How the The Worst of Bad Lovecraft Tumblr Account's Content Is Generated

If you're looking for non-technical information about The Worst of Bad Lovecraft, you should go here, instead. The document you're reading right now contains technical information about how the blog posts are generated.

The Short Version

In overview, this project operates much like my earlier Irish Lit AutoTweets account, and if you get the basic idea there, you probably get the basic idea here, too. Still, here's an overview of what happens.

I downloaded a freely available collection of H.P. Lovecraft's stories from Project Gutenberg. I generated compiled probability data from this corpus using my Python-based text analysis tool, saved the compiled data, opened a new Tumblr account, wrote a script to generate stories based on that compiled data and upload individual selections to that Tumblr account, installed it as a cron job on my laptop that runs twice a day, and wrote a couple of web pages to describe what happens.

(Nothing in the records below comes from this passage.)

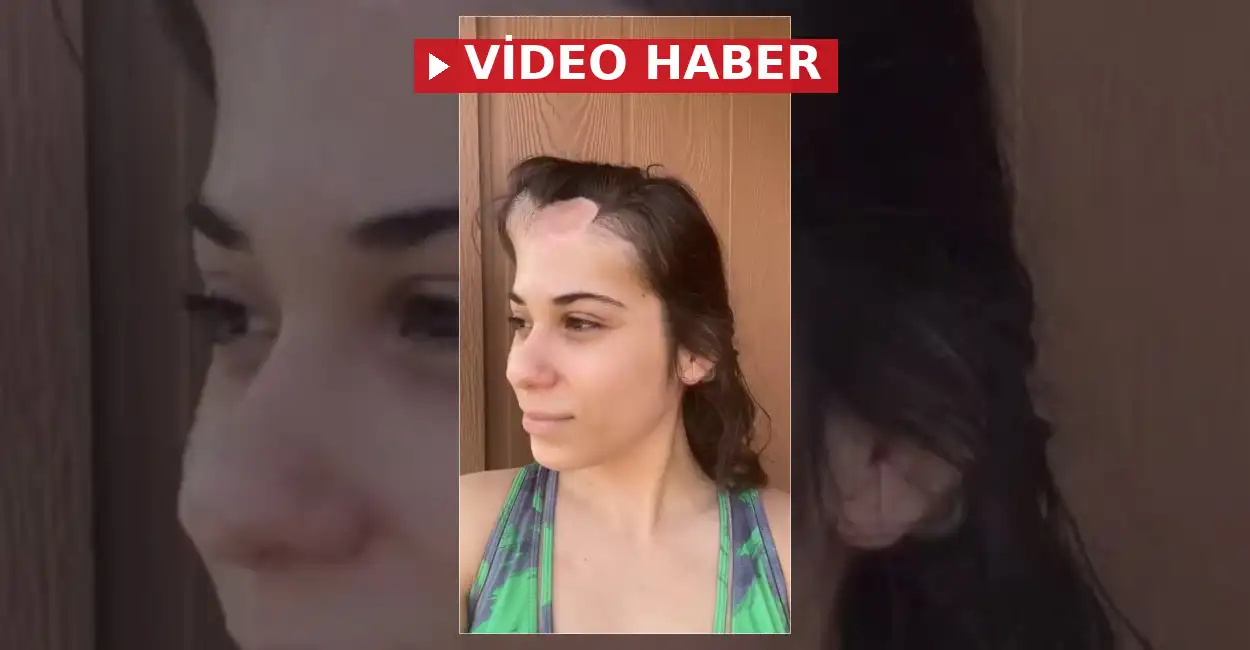 Kanserle mücadele eden bir kadın, tedavi ve iyileşme sürecindeki her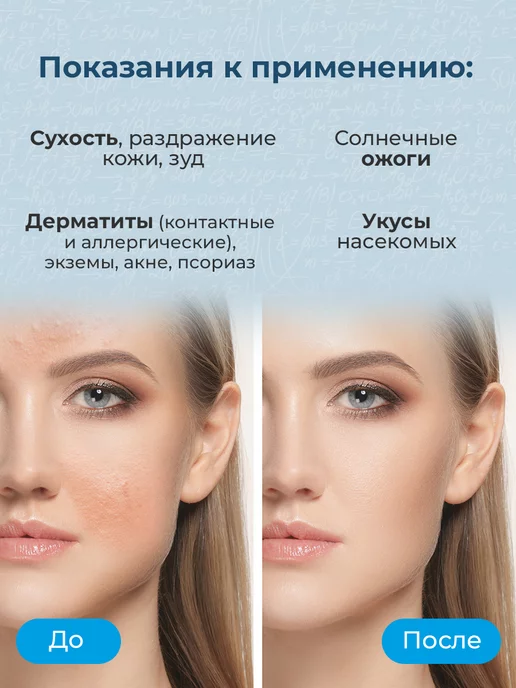 redox Термальная вода с гиалуроновой кислотой cпрей для лица, вариант, фото 2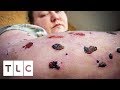 Living with the worlds most painful disease  body bizarre
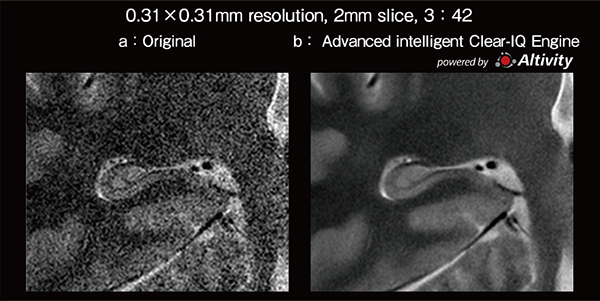 図2　3T MRIでの海馬の画像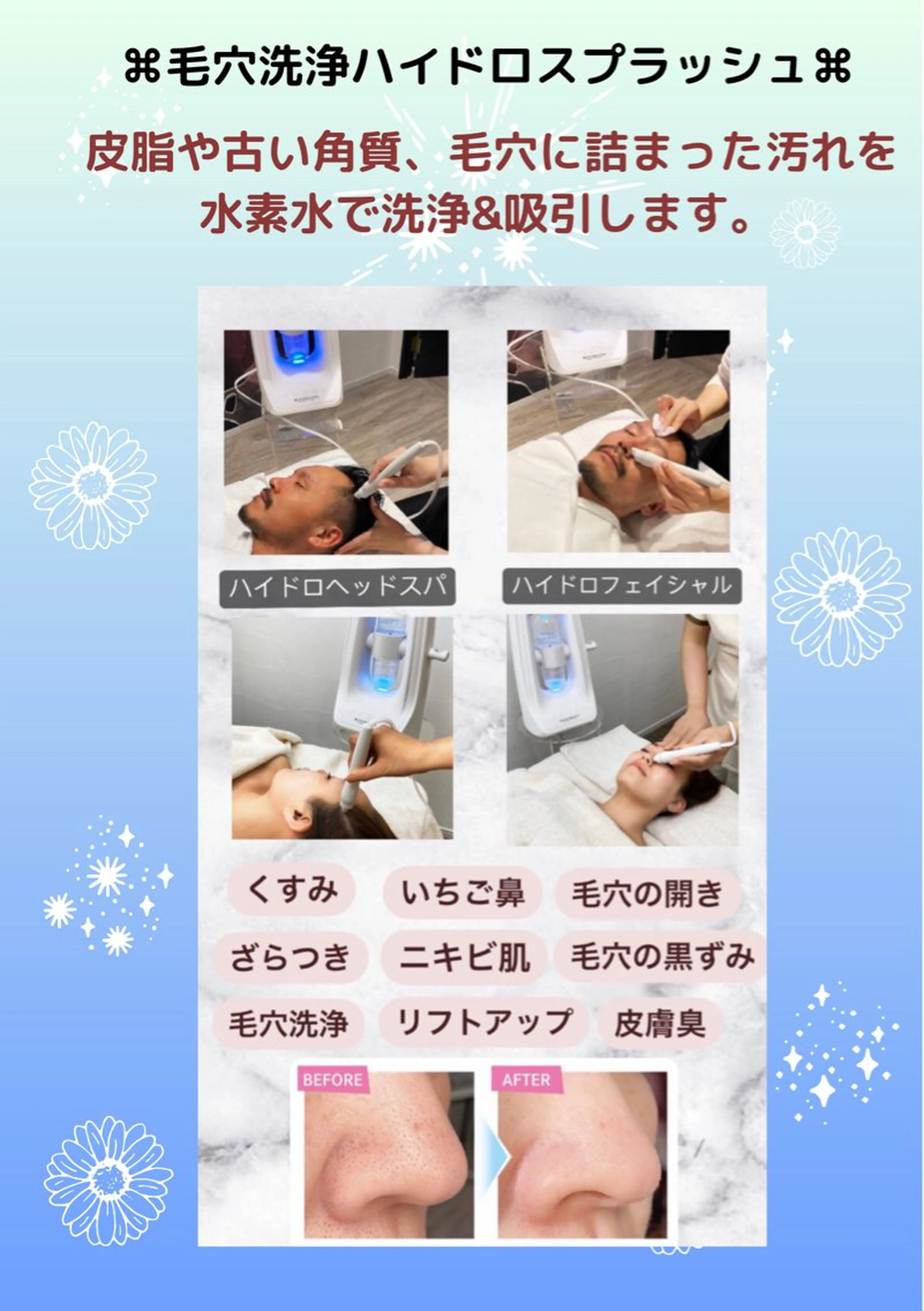 初回お試し価格　　　　　　　　　　　　　　　　　　　フェイス毛穴洗浄（パック付）ハイドロスプラッシュ✨の写真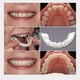 thumbnail image 4 of Soft Silicone Denture Teeth Veneers Temporary Teeth, 4 of 5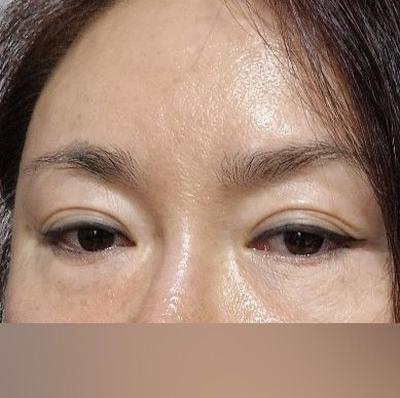 중안면거상+눈밑지방재배치 한달차, 10년은 젊어보여요 사진 2 — 아바성형외과 눈밑지방재배치 후기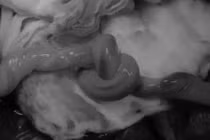 Bé trai chào đời với vòng dây rốn thắt nút cực hiếm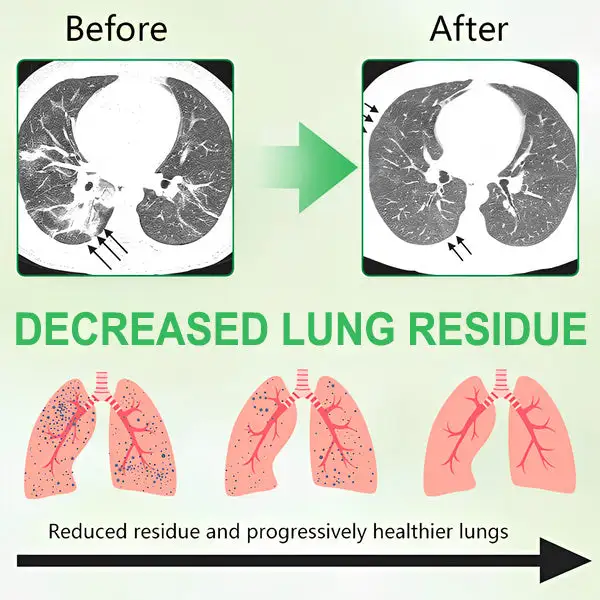 3X Concentrated Mullein Lung Cleanse Spray — Helps Soothe Throat Discomfort & Support Clearer Breathing - Image 3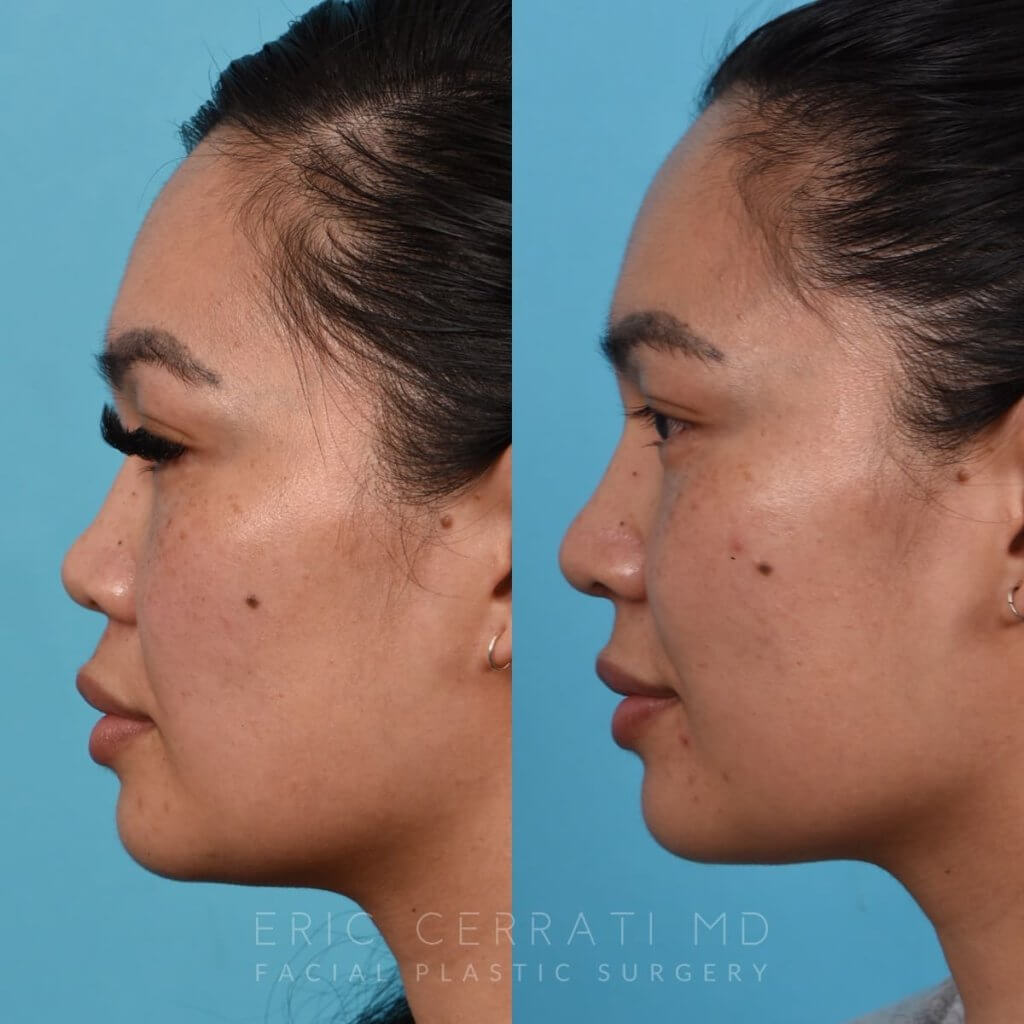 Female patient before and after rhinoplasty - left side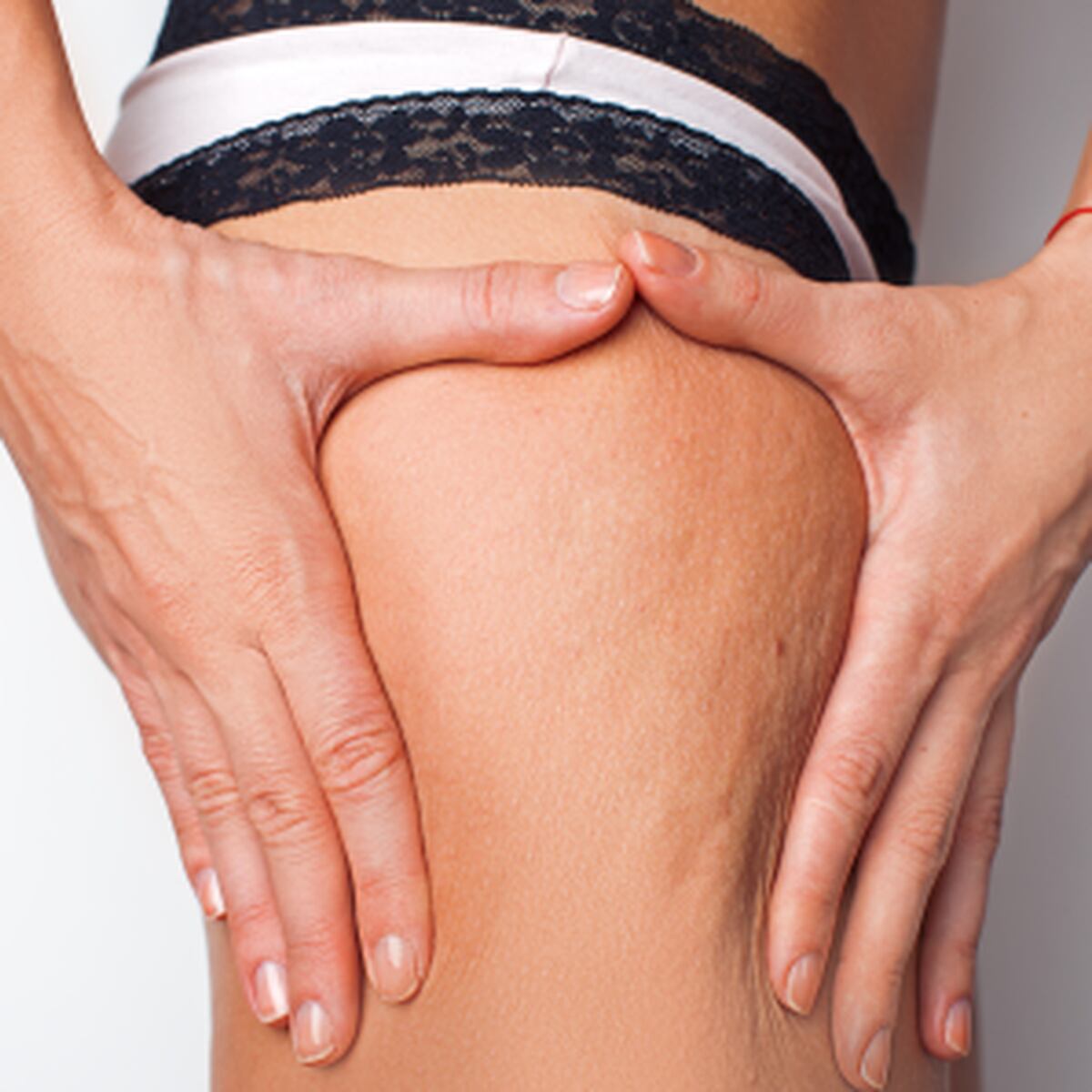 6 alimentos que producen mas celulitis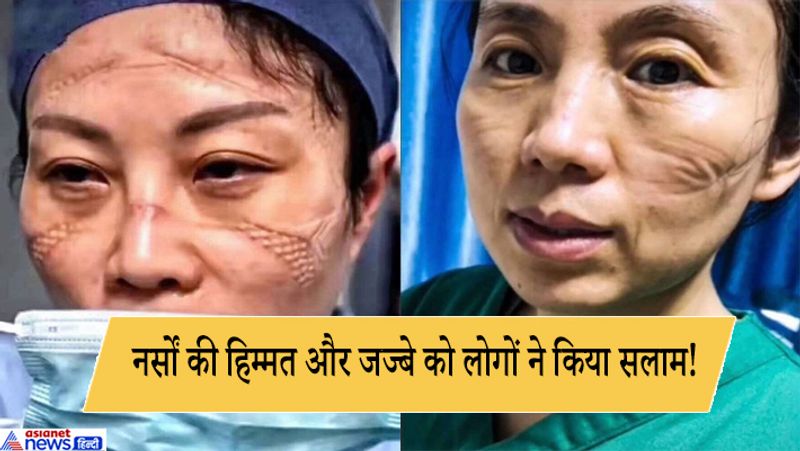 दुनियाभर में कोरोना वायरस की दहशत फैली हुई है पर चीन में डॉक्टर और नर्से अपनी ड्यूटी को निभाते हुए लोगों की जान बचाने में लगे हैं। खतरनाक चिकित्सा आपात स्थितियों में भी चीन में डॉक्टर और नर्स लगातार दिन-रात काम कर रहे हैं। इलाज के दौरान उन्हें मास्क लगाकार रोगियों की देखभाल करनी पड़ रही है।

You're reading one of those web pages now.

You can download and use the script if you'd like, subject to certain restrictions; read on for details. If you find it useful or entertaining, I'd be grateful if you'd Flattr me.

The (Much) Longer Version

The basic setup practice was very similar to that described for the Irish Lit AutoTweets project, and this page primarily documents differences from that project. You might want to take a look at the earlier project for some background information.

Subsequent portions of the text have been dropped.